1. The authors claim training improves all three aspects (knowledge, attitude, practice), yet Table 5 shows knowledge scores between trained (15.09) and untrained (14.78) groups are NOT statistically significant (p=0.636). How do you justify this misinterpretation of your own data?
2. The conclusion states a need to bridge the gap between knowledge and practice, but Table 6 reports a non-significant correlation between knowledge and practice (r=0.107, p=0.166). On what basis do you claim a gap exists when no direct relationship was found?
3. In the discussion, you state medical doctors displaying greater knowledge levels than nurses, yet Table 5 shows MD vs RN knowledge difference (15.84 vs 14.65) with p=0.199, which is not statistically significant. Why are you reporting non-significant findings as if they were meaningful?

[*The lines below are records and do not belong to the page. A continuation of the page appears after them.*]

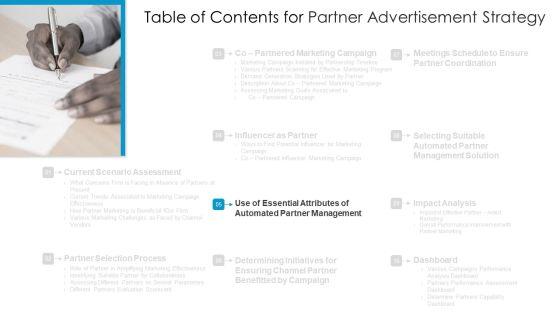 Partner_Advertisement_Strategy_Ppt_PowerPoint_Presentation_Complete_Deck_With_Slides_Slide_22.jpg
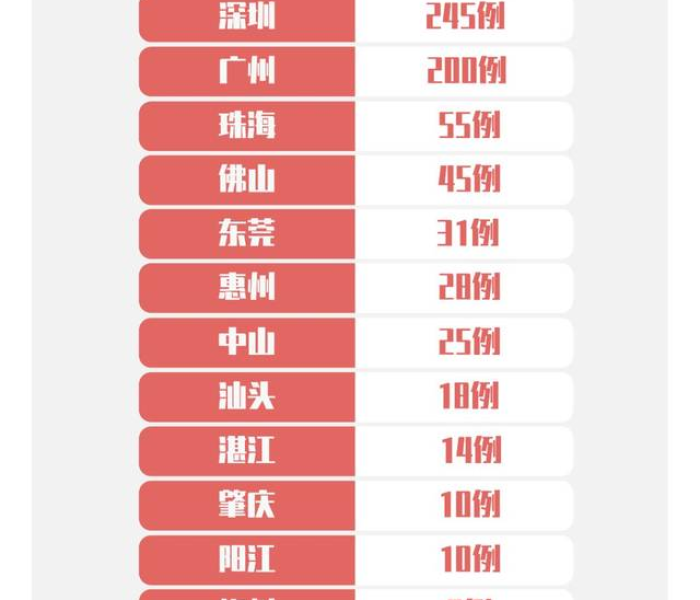 房卡必备教程“炸 金花房卡链接在哪弄”详细房卡使用教程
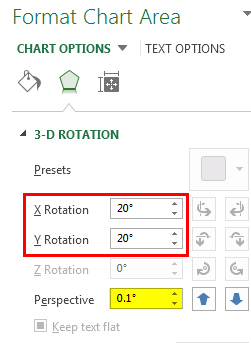 format chart area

4. Table 4 presents place of death preferences with response percentages that sum to >100% for each row (e.g., home: 4.9% disagree + 15.4% undecided + 79.6% agree = 100.0%, which is fine, but the three locations are reported as independent questions allowing multiple agree responses. Did participants select only one preferred location, and if not, how do you interpret someone who agrees that hospital, home, AND hospice are all preferable?
5. The response rate is reported as 92.8% (168/181), but voluntary response sampling via email and social media typically cannot yield a valid response rate denominator since you cannot know how many received the invitation. How was the denominator of 181 determined when using Google Forms distributed through contacts?